This is a page from the Kamusi archives. The information below may be out of date, and the links may no longer be valid. Please visit kamusi.org for current information. If you know of links or information on this page that can be updated, please let us know.
One path toward the Kamusi Project's goal of documenting every word in every language is to produce dictionary entries for a large number of concepts in as many languages as possible. For example, all languages have a term for "mother", so we can ask participants to produce that concept in each language, and end up with a global set of parallel entries for the concept of a woman who has given birth to a baby.
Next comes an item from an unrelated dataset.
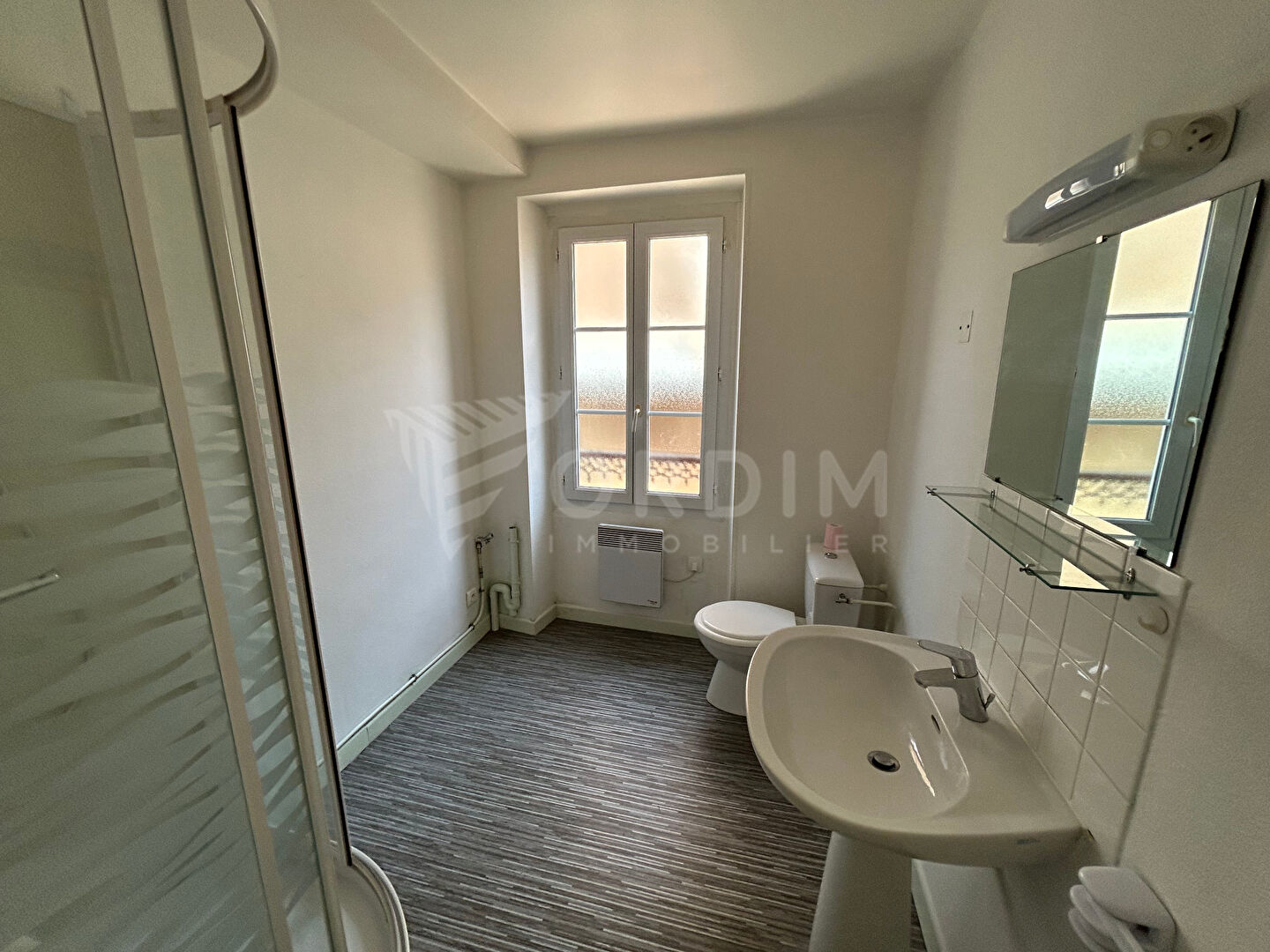 Photo Immeuble de rapport - TOUCY CENTRE - appartements + local commercial image 2/6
How do we figure out which terms to select, though? "Mother" is obvious, but is "subway" an important concept across languages, even for places that do not have underground trains? What about "momma", or "pathos", or "autopilot", or "cheetah"? And, once we figure out which terms to focus on, how do we prioritize so that the we build entries for the most useful terms first? Which do we treat first - jazz or opera, businessman or pastor, infrastructure or mud?
The answer I've devised combines science, art, and a pinch of magic dust, to produce a ranked priority list of nearly 20,000 English terms that can serve as the basis for parallel dictionaries across languages. I combined eleven different English wordlists that were produced with different methods, for different purposes. I then totalled the number of wordlists that each term appears in; almost 5,000 terms appear in two or more lists, so I'm proposing to make those terms at least a little more of a priority than the 15,000 terms that only appear on a single list. Within each cluster of number of list appearances, I've then ranked the terms by the their rank within a very large corpus of English documents; while "and" and "rain" both appear on ten lists, "and" is the third most frequent word in the English corpus, whereas "rain" comes in at 1559, so we'll make sure to tackle "and" before "rain".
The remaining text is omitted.